To his further credit, Eller got the surprisingly young, obviously moneyed crowd going, especially on a quietly harsh 6/8 ballad about pigeon racing. Introducing the song, he mimicked a pigeon call: “You can do it, just pretend you’re from Hoboken,” he deadpanned, and by the time he’d reached the middle of the song, the crowd was a chorus of rats with wings.
As much as he energized the crowd, he antagonized them. “You know who Jack Ruby was? Some of you?” And then followed with the best song of the night, a blazing version of the haunting Appalachian gothic number Sweatshop Fire, from his latest cd Wirewalkers & Assassins (one of our top 50 picks of 2008):
I’m going down to Antietam with a quart of bourbon in my hand
I’m going to kick the shit out of Vicksburg…
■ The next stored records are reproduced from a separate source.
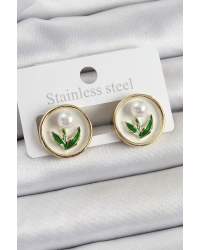 Pirinç Beyaz Mineli Lale Figürlü Sanatsal Portre Model Gold Renk Kadın Küpe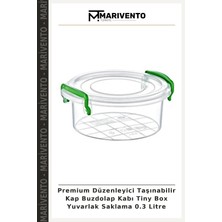 Premium Düzenleyici Taşınabilir Kap Buzdolap Kabı Tiny Box Yuvarlak Saklama 0.3 Litre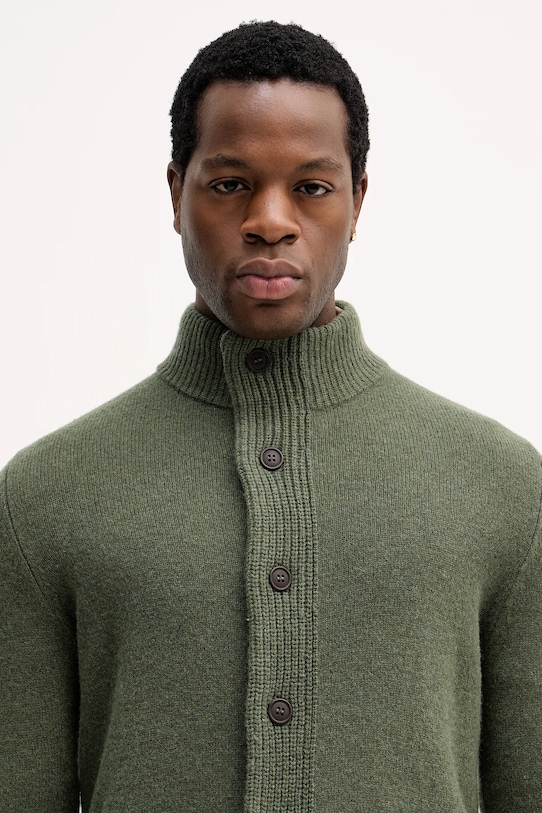 Barbour kardigan wełniany zielony MKN0731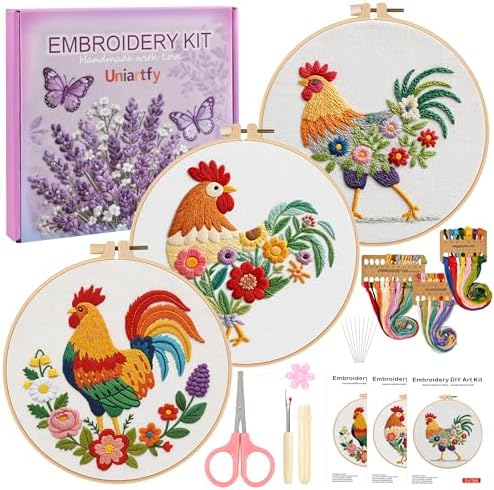 Uniartfy 3 Pack Funny Rooster and Flower Embroidery Kits for Beginners, Animal Cross Stitch Kit for Adults, DIY Needlepoint with Stamped Pattern, Embroidery Hoop, Tools, Colorful Threads, Instructions by Uniartfy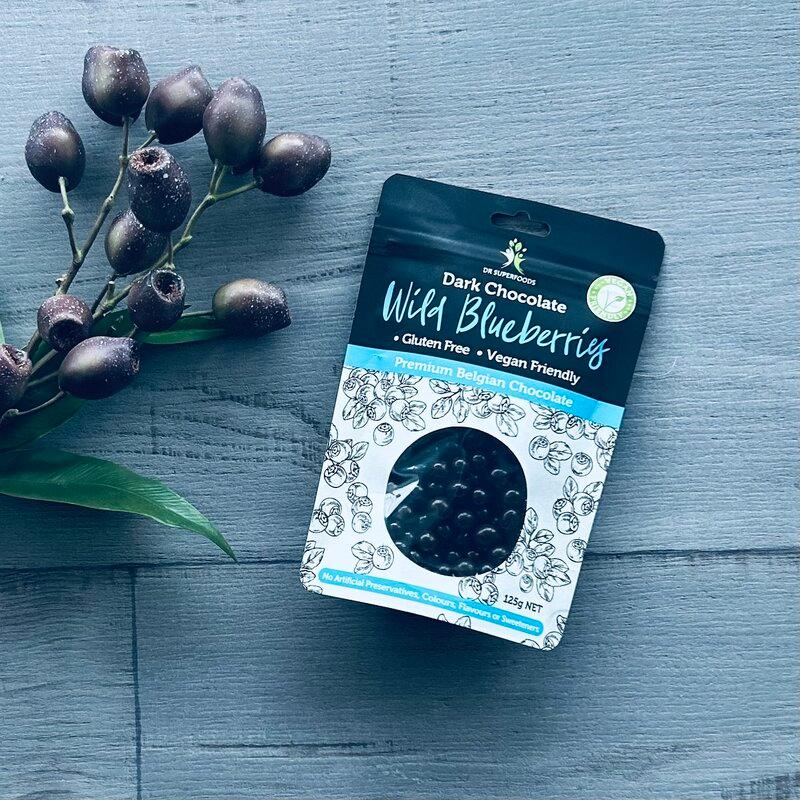 Wild Blueberries Dark Chocolate 125g - centaur packaging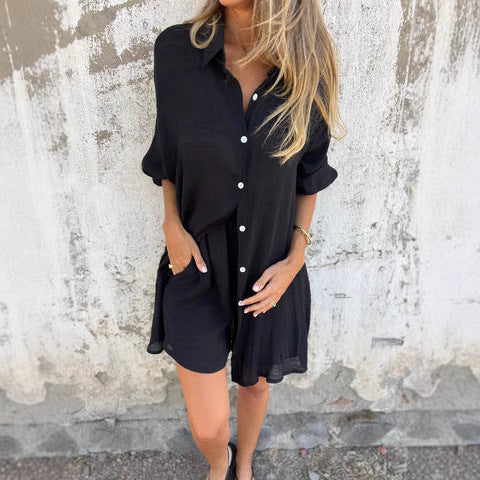 Damen Blusen-Shorts-Set mit Oversize-Schnitt – R&B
I’m gonna get fucked up like Ulysses S. Grant
Get as black as a Tuesday in 1929
He closed with the barely restrained rage of Sugar in My Coffin – “There ain’t no such thing as Elvis Presley from the waist down, that’s one thing I learned from tv,” and encored with an evocatively wistful cityscape, “Coney Island right where it should be.” For anyone with an appreciation for what New York has lost and might create again now that all the money for luxury condos has evaporated, this show was a hopeful summer breeze on a nasty cold night. Curtis Eller is at Banjo Jim’s on 2/26 and then at Public Assembly on 3/14 before going off again on European tour.